Re: Java language and library suggestions

From:
=?ISO-8859-1?Q?Arne_Vajh=F8j?= <arne@vajhoej.dk>
Newsgroups:
comp.lang.java.programmer
Date:
Sun, 19 Jul 2009 15:08:24 -0400
Message-ID:
<4a636f27$0$48237$14726298@news.sunsite.dk>
Tomas Mikula wrote:

On Jul 19, 6:15 pm, Arne Vajh?j <a...@vajhoej.dk> wrote:

Tomas Mikula wrote:

On Jul 19, 4:42 pm, Arne Vajh?j <a...@vajhoej.dk> wrote:

Tomas Mikula wrote:

On Jul 19, 3:42 pm, Arne Vajh?j <a...@vajhoej.dk> wrote:

Tom Anderson wrote:

On Sun, 19 Jul 2009, Lew wrote:

Tomas Mikula wrote:

Anyway there are still many cases when one could use safely it to get
more readable code.

Arne Vajh?j wrote:

It can happen, but I don't think it occur frequently enough to
justify a feature that is so easy to misuse.

Tomas Mikula wrote:

I disagree again. Almost everything can be misused. If someone feels
like their code never throws an exception, they could tend to write an
empty exception handler:
try {
   // code that is incorrectly assumed not to throw any exception
} catch(Exception e) { }
If the Exception can actually be thrown and should be handled, this is
very bad.
I guess that the following would be a much better (although still bad)
solution in this case.
@safe
// code that is incorrectly assumed not to throw any exception
So even if it's going to be misused, it could eventually restrain from
worse things.

"could" != "would".
The proposed language feature would be a change to the language that
would be easy to misuse, might just possibly (if you're right) help
ever-so-slightly in some corner cases, in order to save a little bit
of typing. It doesn't seem like a good tradeoff. Just write the damn
exception handler and quit complaining.

This *is* an exception handler! It's shorthand for:
try {
    STATEMENT
}
catch (EXCEPTION e) {
    throw new AssertionError(e);
}
How is that not an exception handler?

It is an exception handler.
But it is converting the exception that the designer of the API
being called consider a real possibility to an exception that should
never happen by the designer of the calling code.

The designer of the API may as well state that the declared exception
will only be thrown under certain circumstances. If I avoided these
circumstances, then the exception won't be thrown. I will provide an
example:
class WriterEncoder {
   public WriterEncoder(Writer w);
   /** @throws IOException if and only if the write() methods of
underlying Writer throw an exception. */
   public void writeEncoded(MyClass obj) throws IOException;
}
Now if I construct the WriterEncoder with StringWriter which does not
throw IOException on write, I can be sure that
WriterEncoder.writeEncoded() won't throw IOException either.

Yes.
But it is very bad code.
The safe construct is relying on knowledge about implementation
of both the calling and the called code instead of just relying
on the exposed API's.

So what would be your solution? The task is (continuing on the above
example) to write a method for which it does not make sense to throw
an IOException. Yet it is advantageous to use WriterEncoder with
StringWriter from within this method. The best solution I can think of
is
try {
   encoder.writeEncoded(obj);
} catch(IOException e) {
   throw new AssertionError(e);
}
which is exactly what could be written more concisely with @safe.

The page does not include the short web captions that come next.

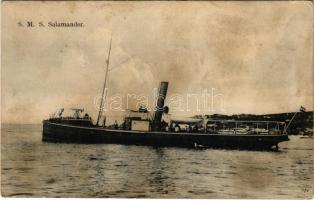 1916 K.u.K. Kriegsmarine SMS Salamander Minenleger / SMS Salamander osztrák-magyar aknarakó / WWI Austro-Hungarian Navy minelayer. G. Fano Pola 1909-10. 140. (EK)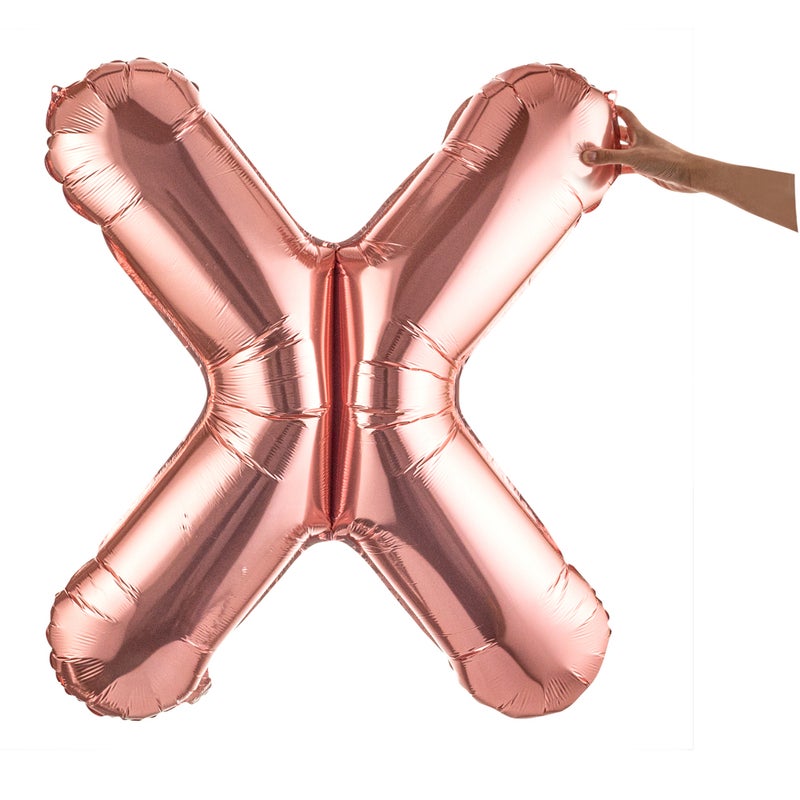 Restaurantware-Balloonify 40 Inch Letter Balloon, 1 Large Alphabet Party Balloon - Letter X, Self-Sealing, Rose Gold Foil Mylar Balloon, Hanging Loop, Decoration For Birthday, Wedding, Or Graduation - Image 2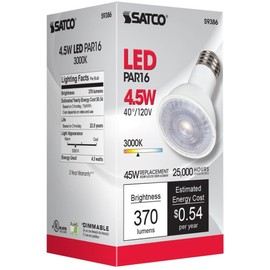 Satco S9386, 4.5PAR16/LED/40'/3000K/120V, LED Light Bulb (Pack of 6)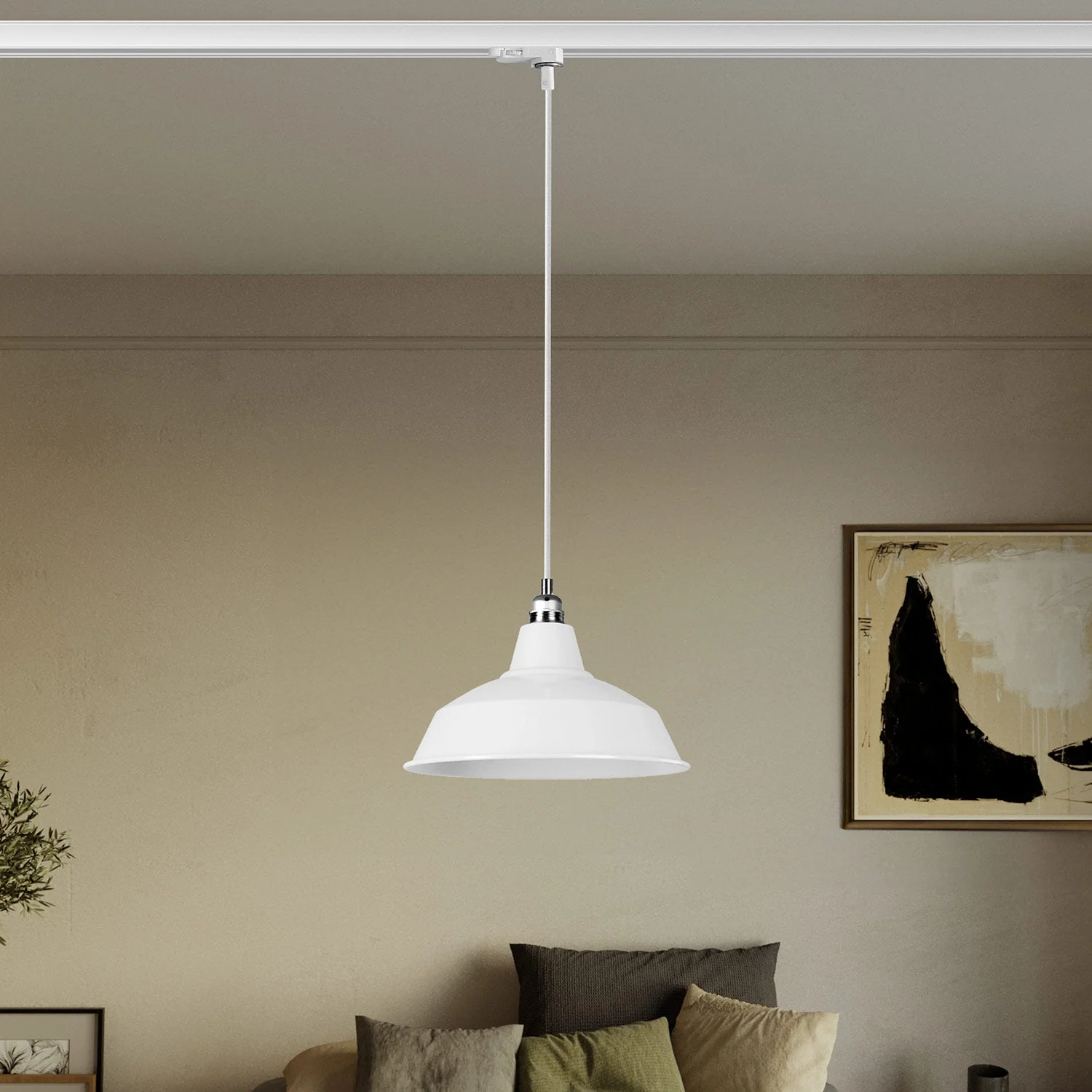 Lampada a sospensione con paralume Bistrot per binari - Bianco - Image 2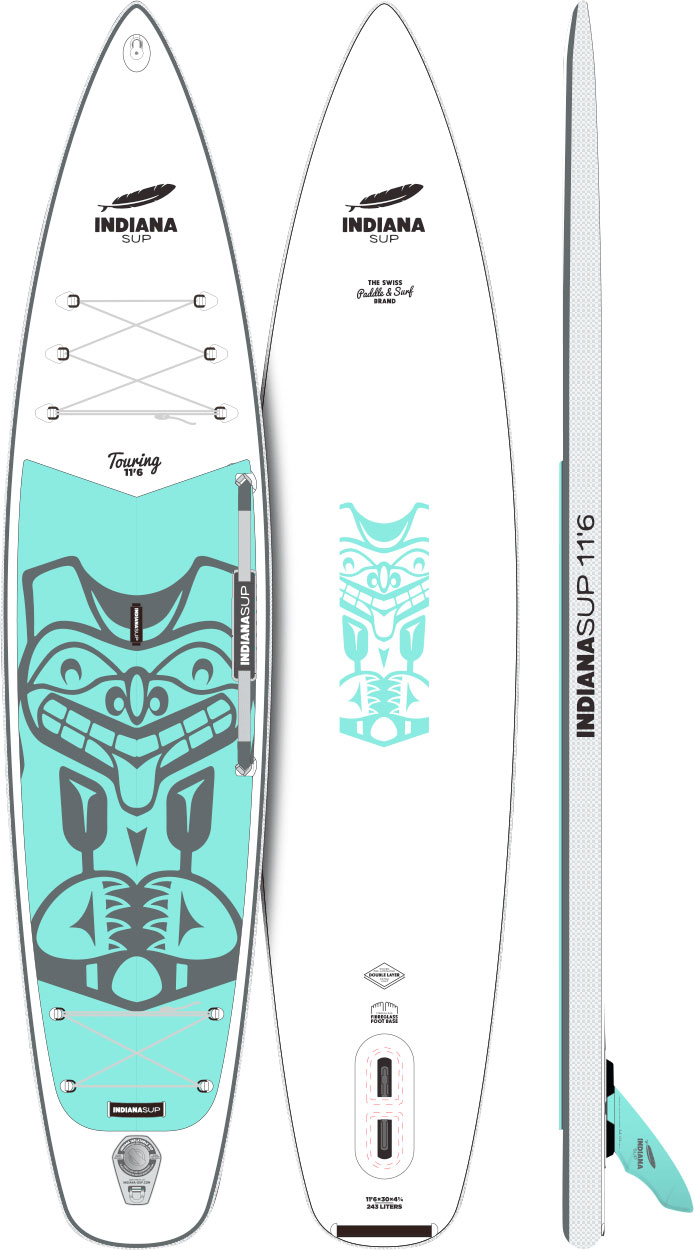 Indiana SUP Touring Lite 11‘6 aufblasbares Stand Up Paddling-Board inkl. Luftpumpe
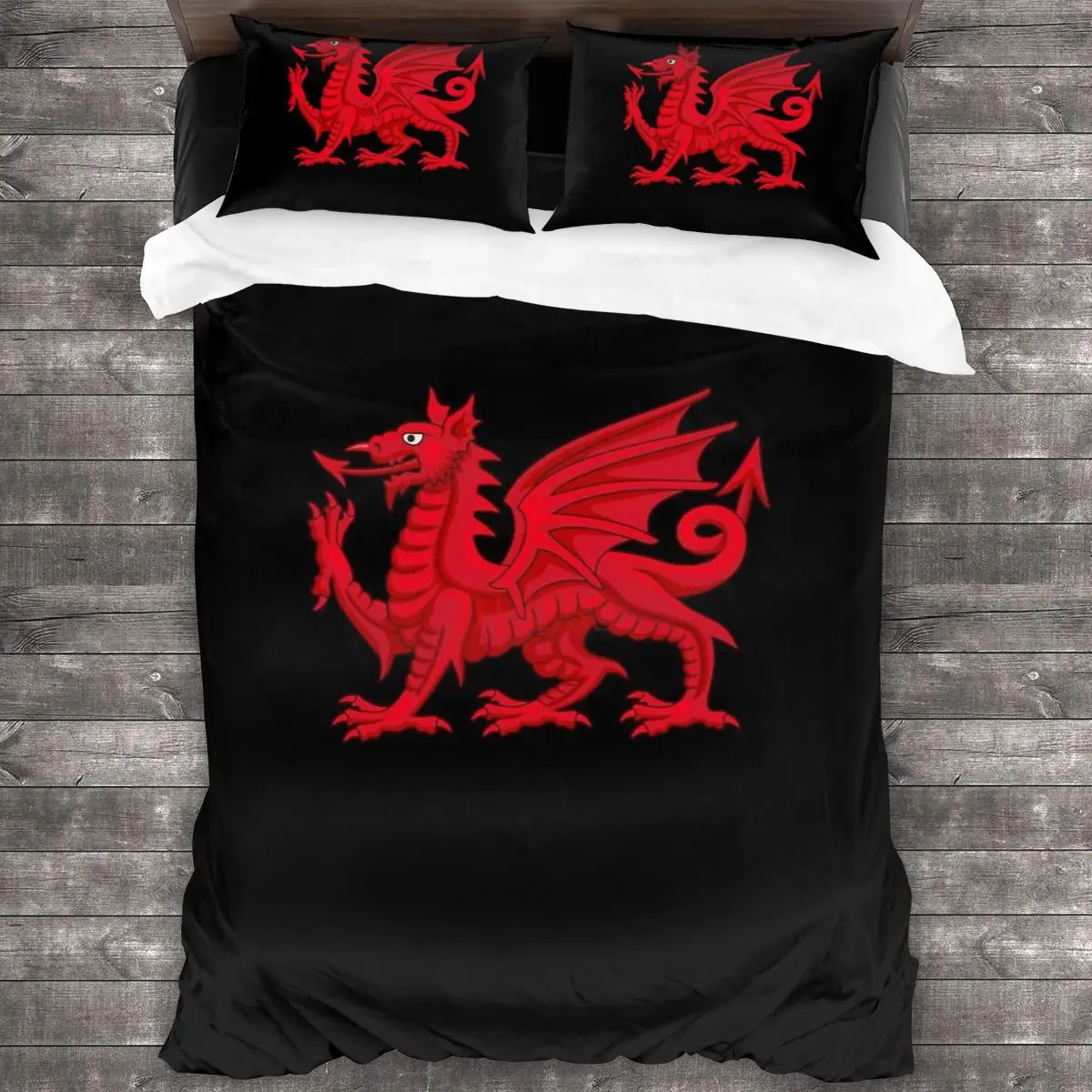 

Welsh Dragon Soft Microfiber Comforter Set with 2 Pillowcase, Quilt Cover With Zipper Closure King Size Comforter Cover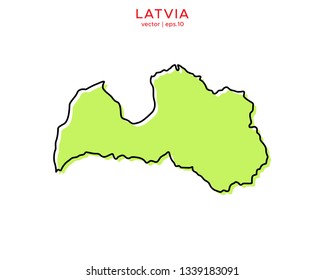 Green Outline Map of Latvia Vector Design Template. Editable Stroke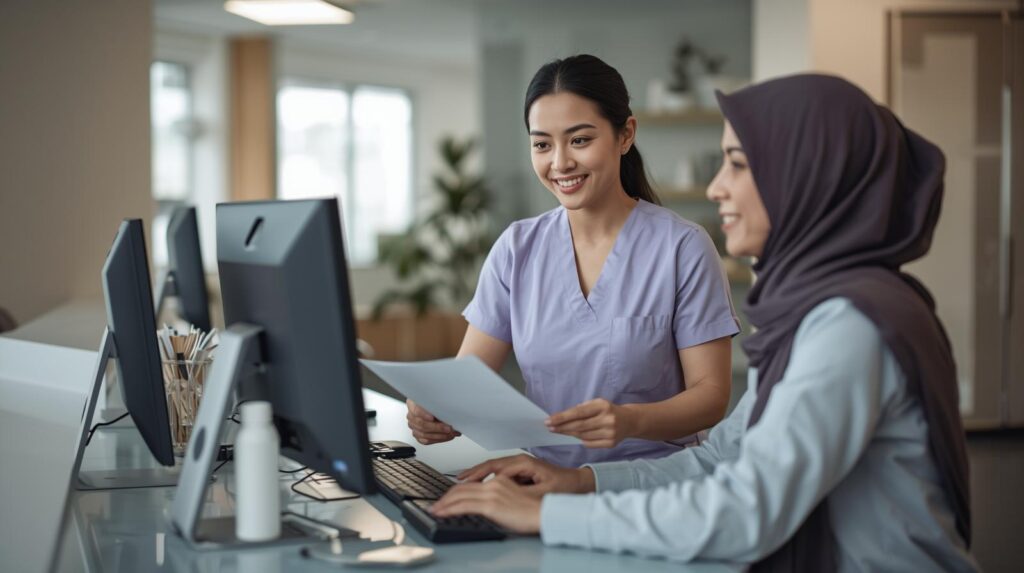 Virtual orthopedic receptionist staffing for doctors supporting clinic communication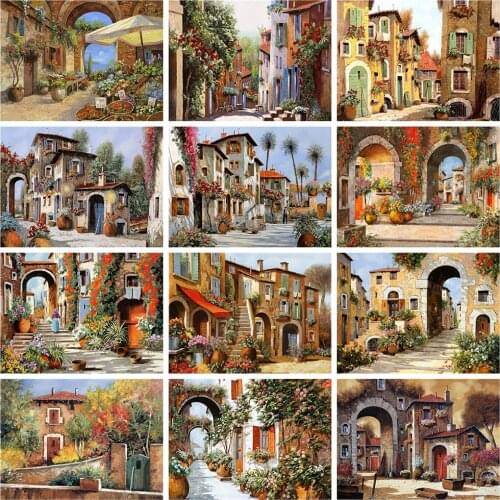 HUACAN 5d Diamond Painting City Home Decor Craft Kit DIY Diamond Embroidery Street Mosaic Landscape Handmade Gift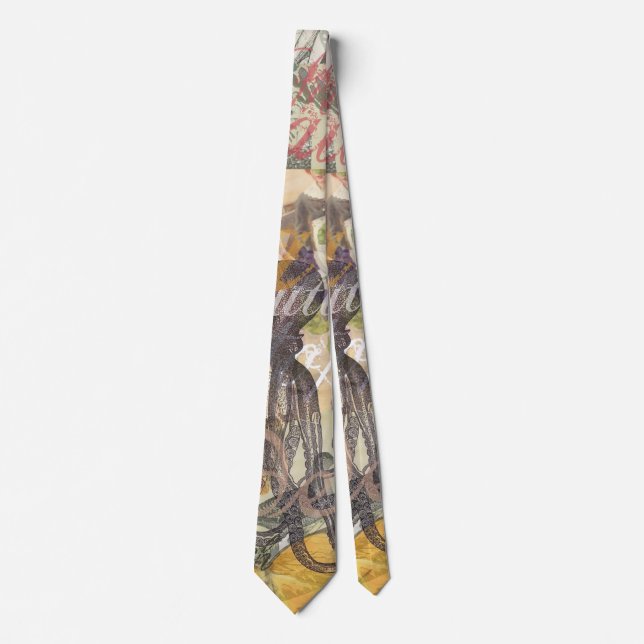 Octopus Beach Antique Coastal Steampunk Neck Tie (Front)
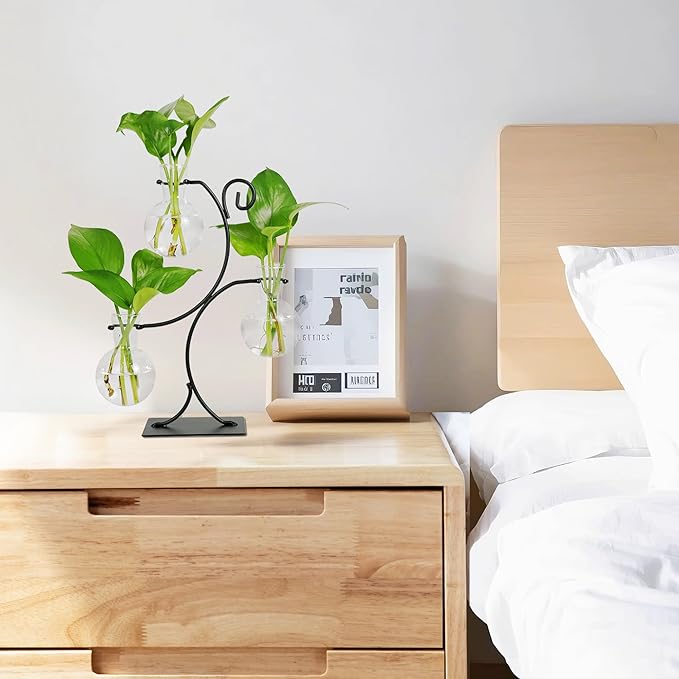 2025 New Desktop Plant Propagation Stations, Plant Terrarium with Metal Stand, 3 Bulb Glass Propagation Vases for Hydroponic Plants, Home Office Decor Planter Gardening Gifts for Women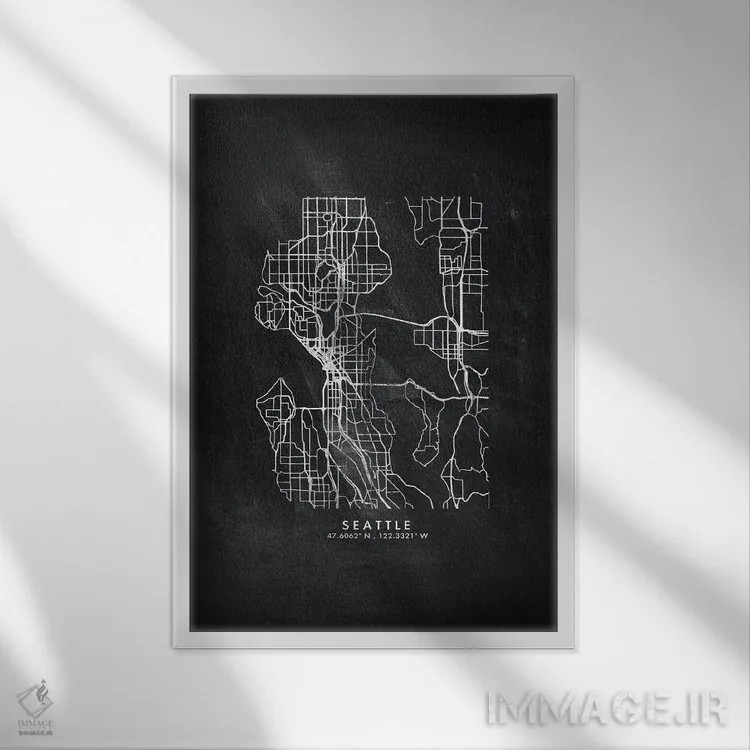 تابلو دکوراتیو نقشه شهر سیاتل به سبک تخته سیاه اثر وال دکور ادیکت - نمای قابدار سفید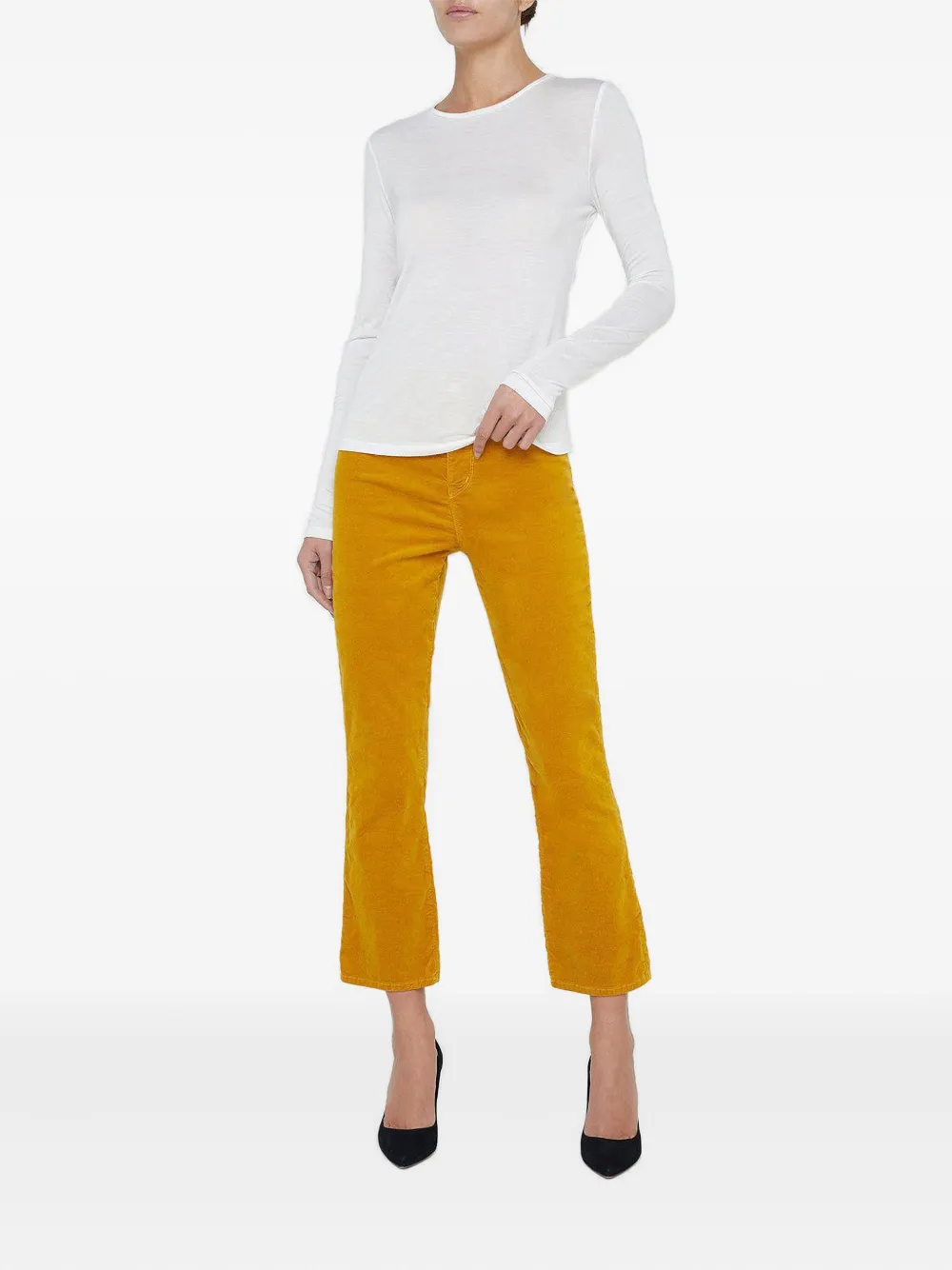 L'Agence Ayla long-sleeve round-neck T-shirt Wit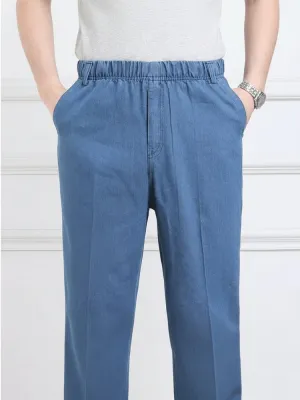 Men's Cotton Straight-Leg Jeans with Elastic Waist — view 5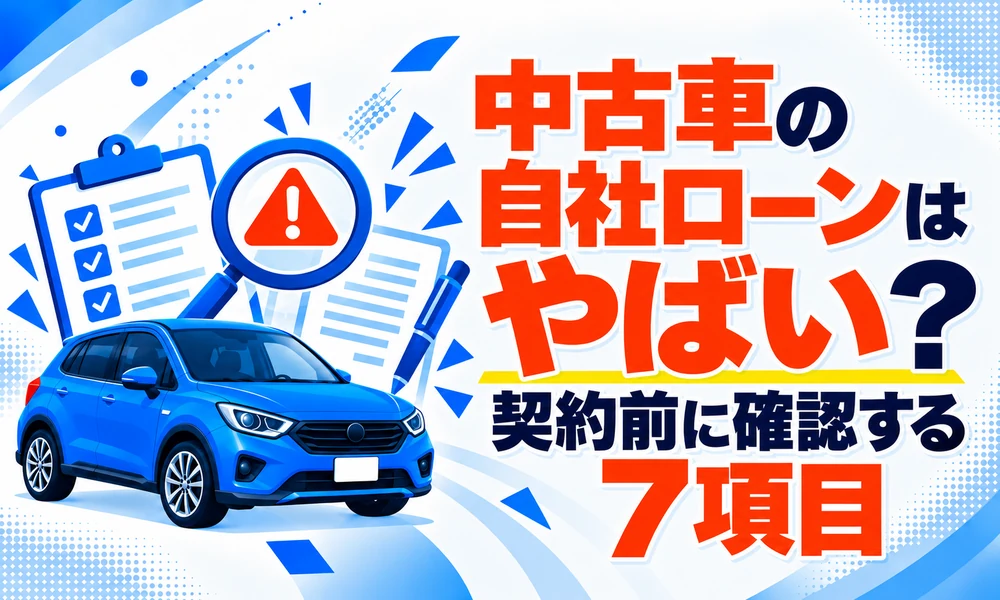 >中古車の自社ローンはやばい？契約前に確認する7項目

I would either catch the exception and do something to handle
the situation properly


From the beginning I'm talking about situations when throwing an error
is the most proper handling of the situation.


Our whole point is that the number of situations where usage
of this construct makes sense is too small to justify a language
change.

or let the exception bubble to where it
could be handled properly.


As I noted in the example, bubbling of the exception would be a
logical error - getting an IOException from a method that by
definition does not do any I/O.


No.

It calls an API that declares to throw an IOException.

Maybe it is not possible in current implementation.

But it may be possible in 5 or 10 years.

Which is why that it is good to program to the contract
and not to ones knowledge about the implementation.